See, this is where I disagree. Recreational diving encompasses such a BROAD range of uses, it's hard to pin down.
For diver who gets out there and does a couple dives on a Saturday to 60 or 70ft, I agree. There is NOTHING really wrong with this. But now you take that same recreational diver, and put him or her on a liveaboard, doing 3-5 dives a day (if they do the night dive) to varying depths, with varying surface intervals, no oxygen to clean up on, and often just on air. They dive the PADI tables. Are you going to tell me that you'd feel comfortable sending a diver in the water 4 times a day for 5-6 days on air with no cleanup at all, with just tables?
Well, maybe you would, and maybe you feel thats' safe. But I sure don't. I understand that NAUI has released a set of RGBM tables without SI's or Pressure groups. I might feel better about those.
I do agree with you FULLY about the issues of hydration, physiology, etc. But look how many recreational divers end their day with a couple of beers, and late nights. Now the hydration is off, we're doing multi-dive, multi-day profiles with poor rest possible reverse profiles, etc. I consider that unsafe.
But everyone is different in their feelings, and as a diver with your experience, I certainly respect yours.

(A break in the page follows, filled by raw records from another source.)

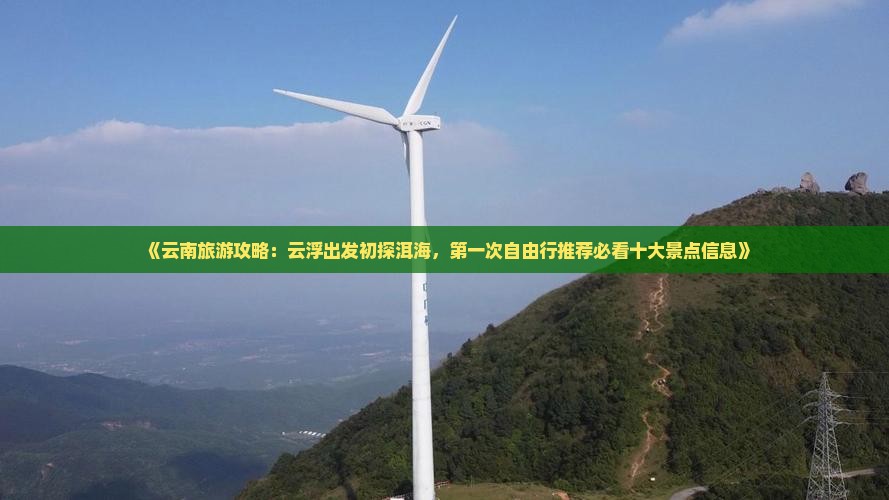 《云南旅游攻略：云浮出发初探洱海，第一次自由行推荐必看十大景点信息》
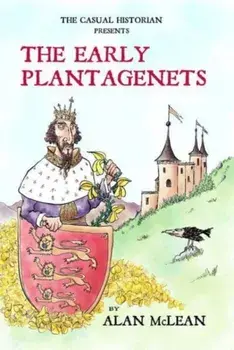THE CASUAL HISTORIAN PRESENTS THE EARLY PLANTAGENETS, Paperback/Alan McLean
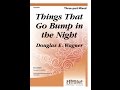 Things That Go Bump in the Night (Three-part Mixed) - Douglas E. Wagner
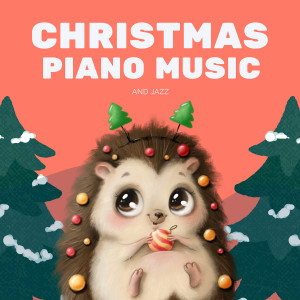Christmas Piano Music and Jazz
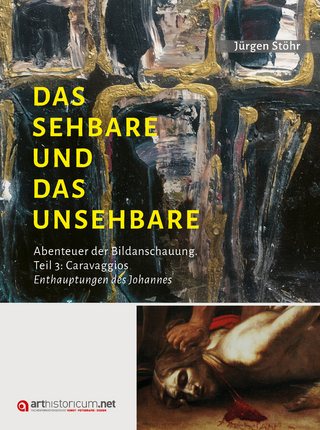 Das Sehbare und das Unsehbare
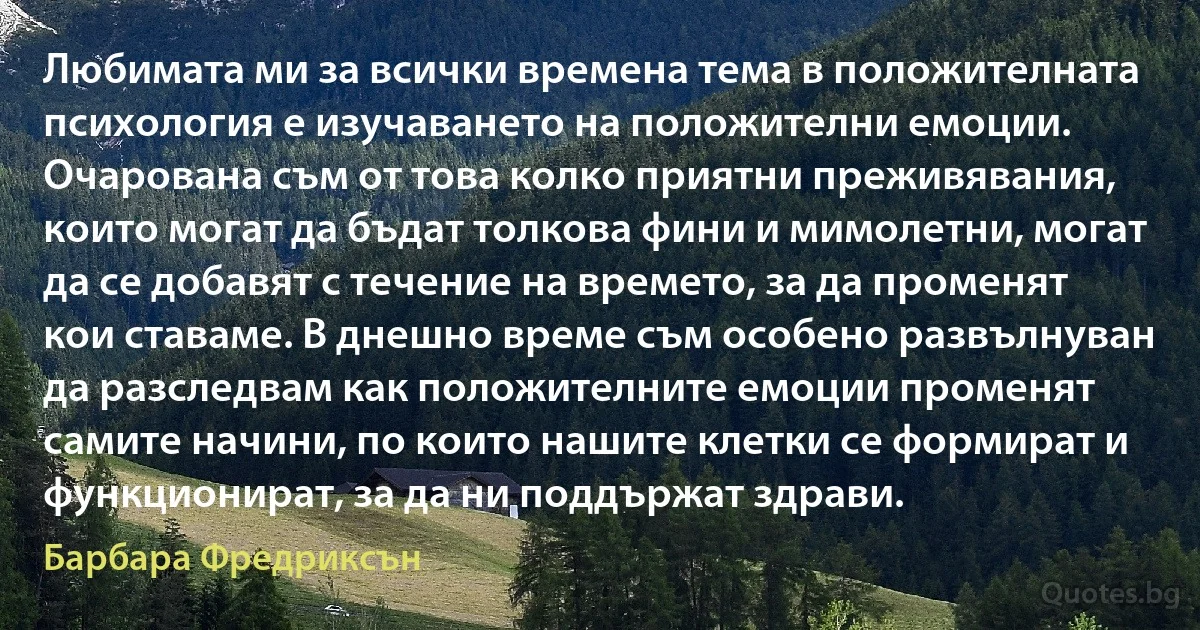 Любимата ми за всички времена тема в положителната психология е изучаването на положителни емоции. Очарована съм от това колко приятни преживявания, които могат да бъдат толкова фини и мимолетни, могат да се добавят с течение на времето, за да променят кои ставаме. В днешно време съм особено развълнуван да разследвам как положителните емоции променят самите начини, по които нашите клетки се формират и функционират, за да ни поддържат здрави. (Барбара Фредриксън)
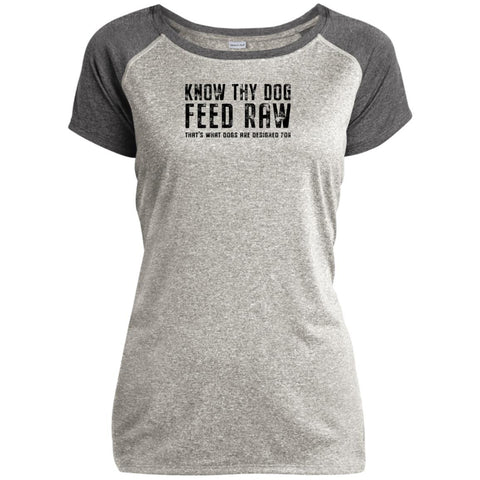 Image of Know Thy Dog Feed Raw Sport-Tek Ladies Heather on Heather Performance T-Shirt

Sorry if I sounded like a snob.. totally unintentional.
cerich:
The simple truth is that for recreational "no deco"(or no required stop) diving simple statistical empirical proof of suitability has occurred with computers. The DSAT (PADI) tables also have no VPM/RGBM like characteristics yet are the most dove tables out there. They have a proved safety record for the average diver. If you are purchasing a computer for that type of diving, more conservative IS a negative in your purchasing. There has been lots of deco study in the last 10-20 years and outside of technical diving or those pushing the envelope with "no deco/no required stop" type dives (every dive to the limit on time and/or depth) there are no PROVED safety advantages. It is theory and marketing. The individuals physiology on a given day has more bearing on possible "bubble trouble" than choice of computer as does other aspects like fast assent, hydration, skip safety stop, etc.